German and French citizens don't need a visa for stays up to 90 days and can even enter with their national ID card (Personalausweis or carte d'identité respectively) or an expired passport/ID unless arriving at the non-Council of Europe land border crossings (eg from Iran, Iraq and Syria).
Citizens of the following countries can get a tourist visa online. E-Visas cost US$15-60, depending on passport (for most EU countries: US$20, for USA/Canada/Australia: US$60), plus a service fee of US$0.70. According to the Turkish MFA, Visitors arriving to Turkey without visas may obtain their e-Visas via interactive kiosks placed in Turkish airports, but the fee is higher than the online e-Visa (typically US$10 more than e-Visa). Some carriers have earlier refused passengers without the e-Visa (Pegasus, Italy, June 2014).
Valid for three months: Antigua and Barbuda, Australia, Austria, Bahamas, Barbados, Belgium, Canada, Croatia, Dominica, Dominican Republic, Grenada, Haiti, Hong Kong (BNO Passport), Ireland, Jamaica, Kuwait, Maldives, Malta (Gratis), Mexico (with valid Schengen, UK, Canada, or Japan visa), Netherlands, Norway, Oman, Poland, Portugal, Qatar, Saudi Arabia, Spain, Saint Kitts and Nevis, Saint Lucia, Saint Vincent and the Grenadines, United Arab Emirates, United Kingdom and United States.

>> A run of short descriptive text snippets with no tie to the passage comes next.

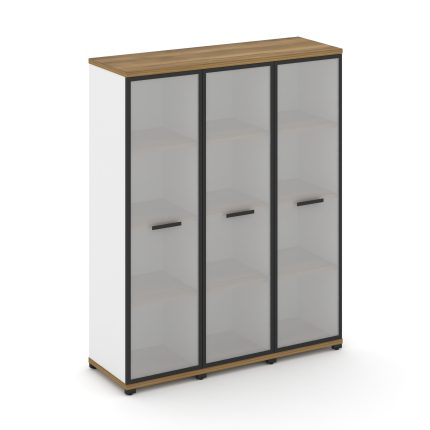 Concept Шкаф 3 узкие секции, 4 ниши CN.STU-436 RMB B Сандал Янтарный/Белый Бриллиант/Металл Черный/С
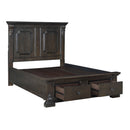  Homelegance Cornwall 1325-1* Queen Platform Bed with Footboard Storage IMAGE 8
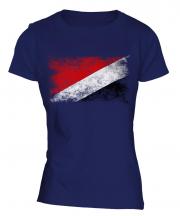 Sealand Distressed Flag Ladies T-Shirt
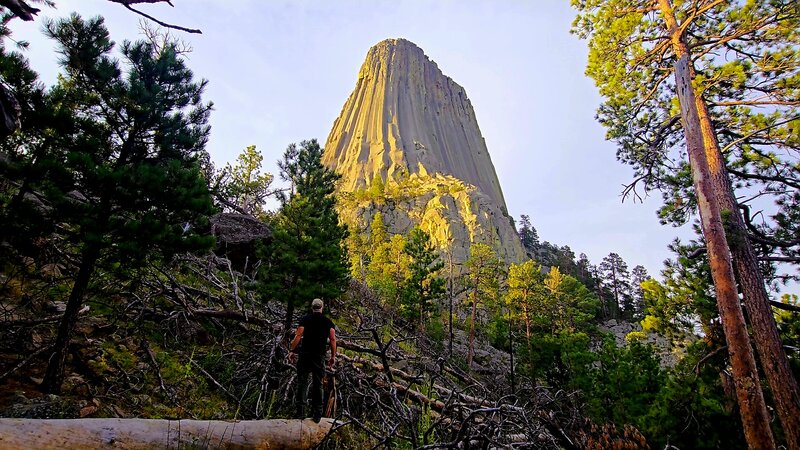 View of Devils Tower from near the Loop Trail.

Valid for two months: Belarus
Valid for one month: Armenia, Bahrain, Bangladesh (with valid Schengen, Irish, or UK visa), China, Republic of Cyprus, Hungary, India (with valid Schengen, Irish, or UK visa), Indonesia, Mauritius, Moldova, Pakistan (with valid Schengen, Irish, or UK visa), Philippines if you have a valid Schengen or OECD member's visa or residence permit, Slovakia, South Africa, Taiwan
Payments in pounds sterling must be in Bank of England £10 notes only. No Scottish or Northern Irish notes and no other values of notes, i.e. £5 or £20 or £50.
More information can be found at the Turkish Ministry of Foreign Affairs website.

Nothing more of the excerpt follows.